Correct, thanks for clarifying Oliver!
 
Declaring a bean as protected to, say, a class cope, is problematic.

There are many cases in which all-of-a-type beans are retrieved.

For example, we use to start all JMS listener containers and expose them to JMX after the container start.

Declaring a bean as "not visible" can be problematic in such situations. Of cause, this is then a programmers mistake.

Decoupling of modules is done via interfaces, why is that not enough?

Ron Piterman
 
Ron,
thanks for the feedback. I think the visibility should be limited concerning names, not in general. I.e. outside a module you should not be able to resolve the name. Still, the problem you are pointing needs to be thought about and I added it to the JIRA.

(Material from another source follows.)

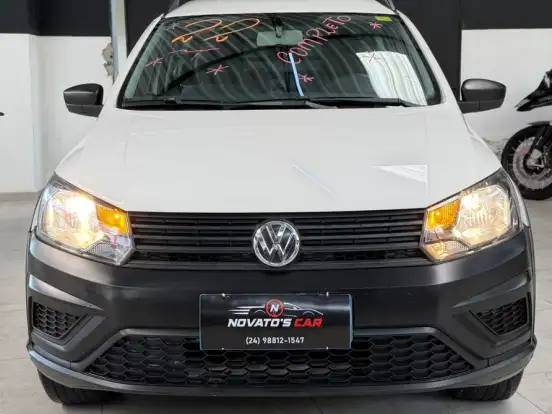 VOLKSWAGEN-SAVEIRO-1.6 MSI ROBUST CD 8V FLEX 2P MANUAL VOLKSWAGEN-SAVEIRO-2021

Concerning the decoupling using Interfaces: They are code artefacts. Spring configurations are a different type of artefact and interfaces are not used there - so I would argue that you need other modularization features there.
 
So you want to actually introduce a new feature with unclear semantics.

Spring allows to define if a bean is anautowire candidate - thats obviously not what you mean -

but what exactly does it mean - visibility concerning names?

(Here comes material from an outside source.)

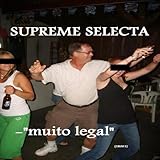  Muito Legal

When you query a bean factory for "beans of type", it returns a map of bean by names.

Should it be in the map or not?

If yes, then where is the visibility gone?

If not, well, the problem with that I already described in my previous comment.

LG, Ron Piterman
 
I just commented on SPR-7170 as linked to above by Eberhard. If folks are interested in this feature, please do vote, but also comment and explain your use case - how would this feature help you? How does not having it hurt you? Thanks.